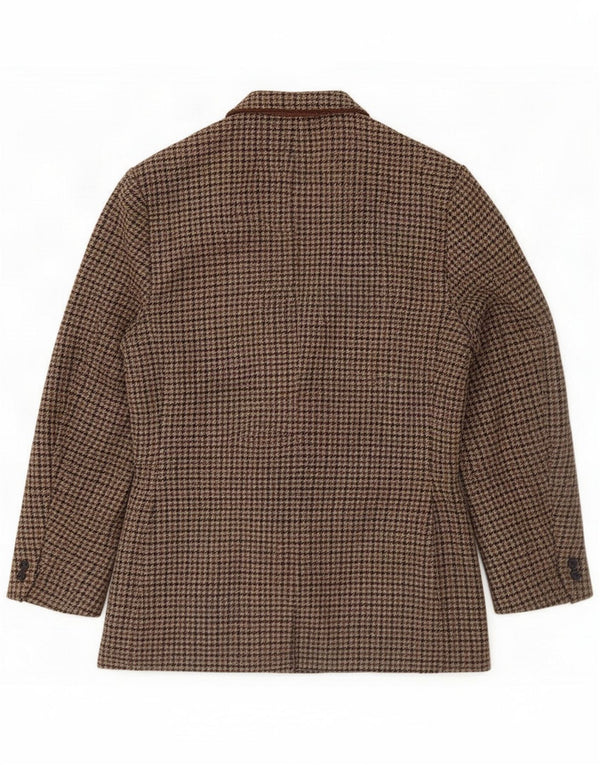 St Michael Giacca blazer da uomo a 2 bottoni UK 40 grande lana pied de poule marrone
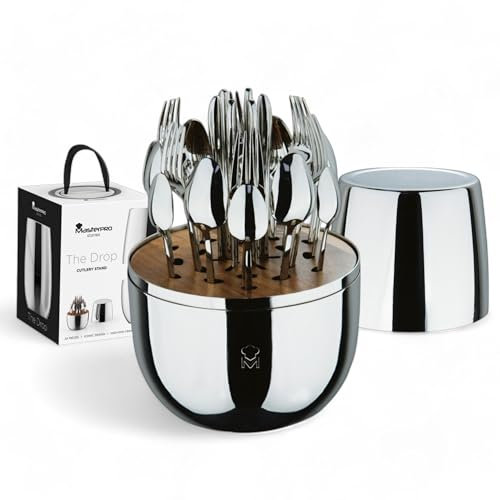 MasterPRO The Drop - Service de Couverts Design 24 pièces en Acier Inoxydable - Elégant, Durable et Multifonctionnel - Idée (Noël, Pâques, Mariage) - Boîte Cadeau Incluse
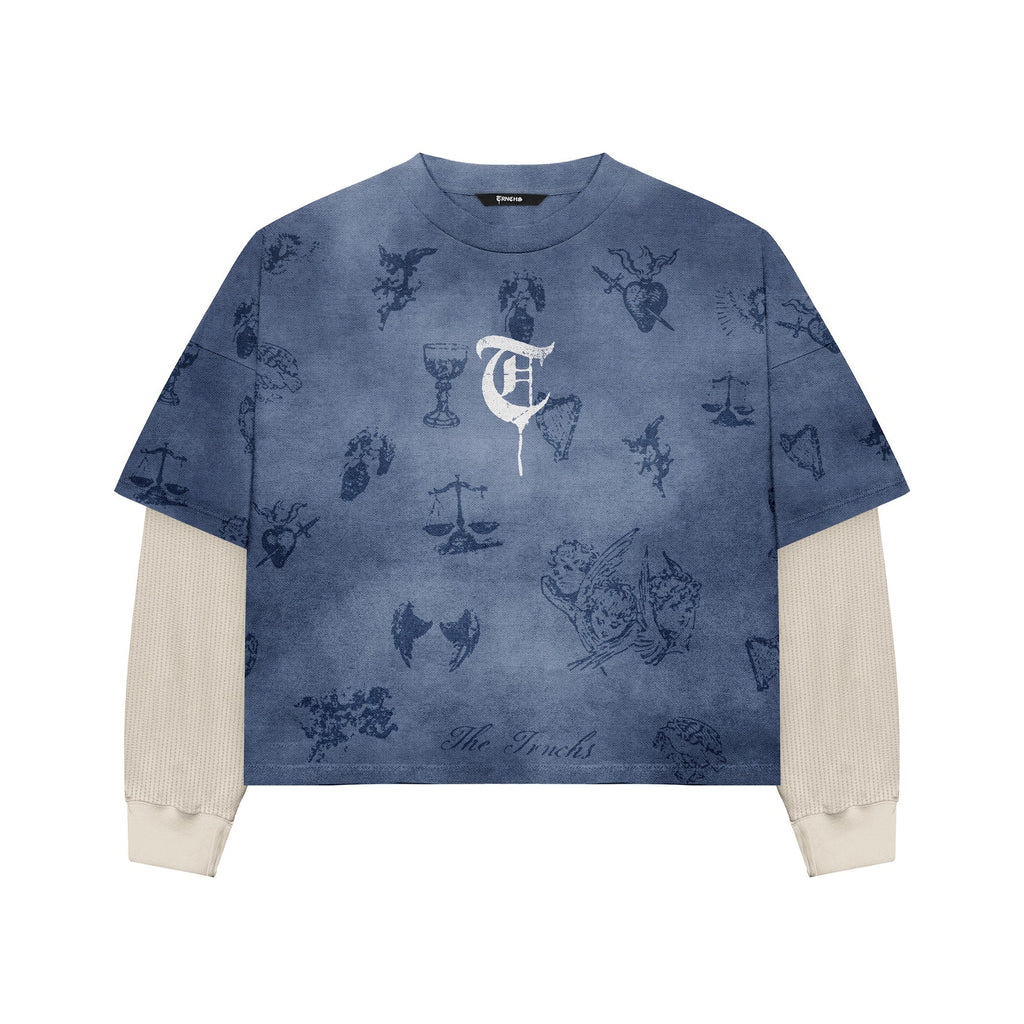 Ascension Blue Crewneck - original front flat lay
____________________
§ **TASK**: Your copy of the listing should match it exactly, apart from the pictures, which are left out.

§ **YOUR SOLUTION**:
 St Michael Giacca blazer da uomo a 2 bottoni UK 40 grande lana pied de poule marrone
 MasterPRO The Drop - Service de Couverts Design 24 pièces en Acier Inoxydable - Elégant, Durable et Multifonctionnel - Idée (Noël, Pâques, Mariage) - Boîte Cadeau Incluse
 Ascension Blue Crewneck - original front flat lay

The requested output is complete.